[DATA IN THIS EXERCISE]:
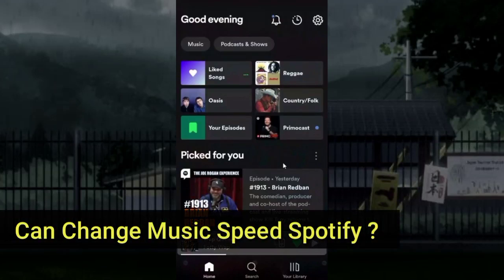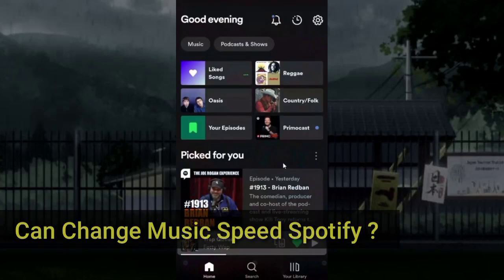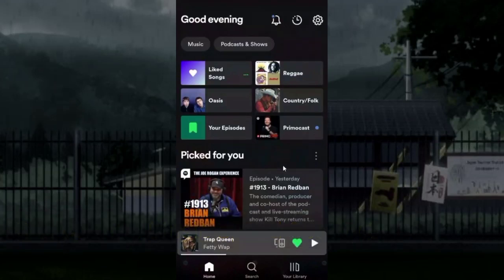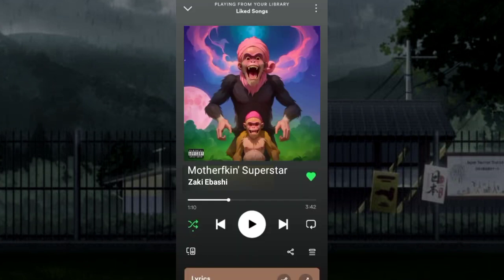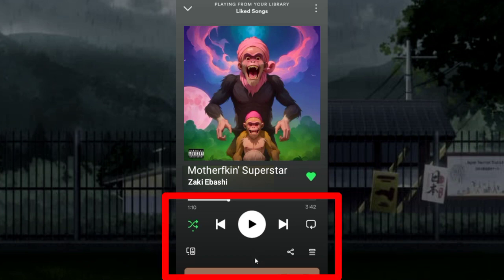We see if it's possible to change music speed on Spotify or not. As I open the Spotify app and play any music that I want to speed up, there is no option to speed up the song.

* * *

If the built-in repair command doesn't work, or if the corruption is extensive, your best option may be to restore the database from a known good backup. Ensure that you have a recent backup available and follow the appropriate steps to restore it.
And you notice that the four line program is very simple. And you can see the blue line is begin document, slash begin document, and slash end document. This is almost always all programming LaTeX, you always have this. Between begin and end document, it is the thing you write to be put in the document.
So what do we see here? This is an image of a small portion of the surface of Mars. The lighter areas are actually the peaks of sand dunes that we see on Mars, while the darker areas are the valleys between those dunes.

...

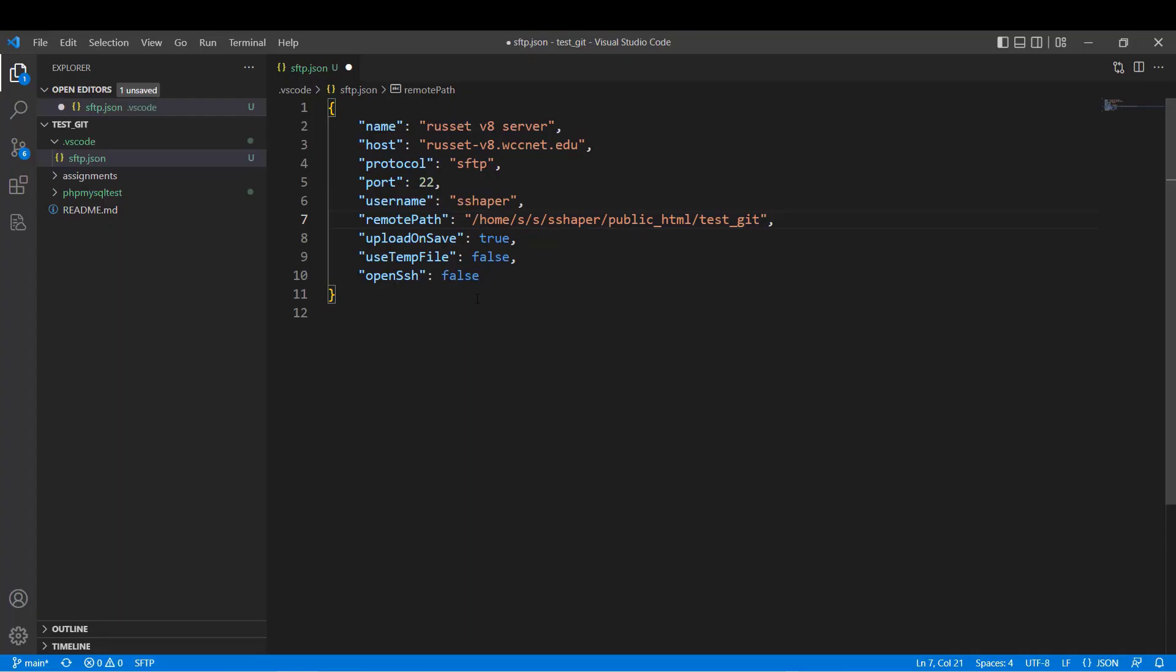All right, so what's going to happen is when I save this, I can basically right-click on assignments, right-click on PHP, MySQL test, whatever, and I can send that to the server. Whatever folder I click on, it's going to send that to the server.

[PROMPT]: Where a line in the listing above contains "have", copy that line.

[TASK RESULT]:
If the built-in repair command doesn't work, or if the corruption is extensive, your best option may be to restore the database from a known good backup. Ensure that you have a recent backup available and follow the appropriate steps to restore it.
And you notice that the four line program is very simple. And you can see the blue line is begin document, slash begin document, and slash end document. This is almost always all programming LaTeX, you always have this. Between begin and end document, it is the thing you write to be put in the document.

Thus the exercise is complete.